Bad eating habits are often based on ease and convenience, so the best way to break them is to make sure healthier alternatives are always at hand.  You’ve got to make sure your house is filled with healthier versions of the things you often fall back on.

Keep a food dairy for the week, then going through it and identify the unhealthy items.  Once you know what they are, find healthier alternatives.

Eg.:  if you always end up eating white bread for lunch, buy a healthier loaf and keep it at work, or, if you keep craving milk chocolate when you have a 3pm slump, keep some dark chocolate in your drawer.

THE 80/20 APPROACH

I don’t believe in deprivation.  Indulgence is also important.  The 80/20 approach to food is better than hard to sustain diets.

What the 80/20 approach means, is that you eat clean 80% of the time and give yourself leeway to indulge in your favorite treats during the other 20%.

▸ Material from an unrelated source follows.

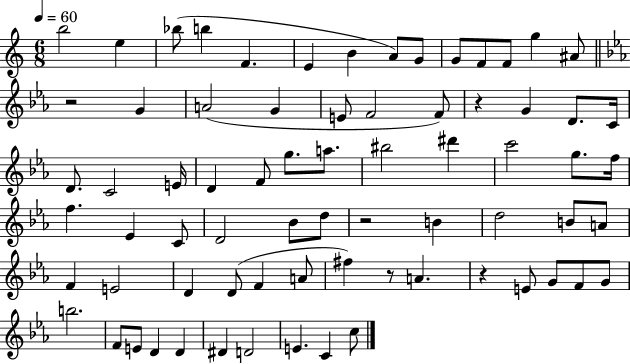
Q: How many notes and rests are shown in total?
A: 72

To make it easier, use the week as your 80% period and the weekend as your 20%.

So on a weekend you can relax about food and have a few glasses of wine, but it’s still moderate indulgence  –  having a few pieces of chocolates, not the whole bar.  We have to train our minds to indulge moderately because people don’t know how to do that.

The reason this approach works so well, is because it’s not focused on what you can’t do.  You never fee restricted or deprived, so I don’t over eat or binge, because I give myself permission to have it.  This way you really do not want to eat that much.

 

BEING PRESENT AT MEAL TIMES

Interacting with social media while eating, will take your focus away from what you are eating, thus creating an opportunity to over eat.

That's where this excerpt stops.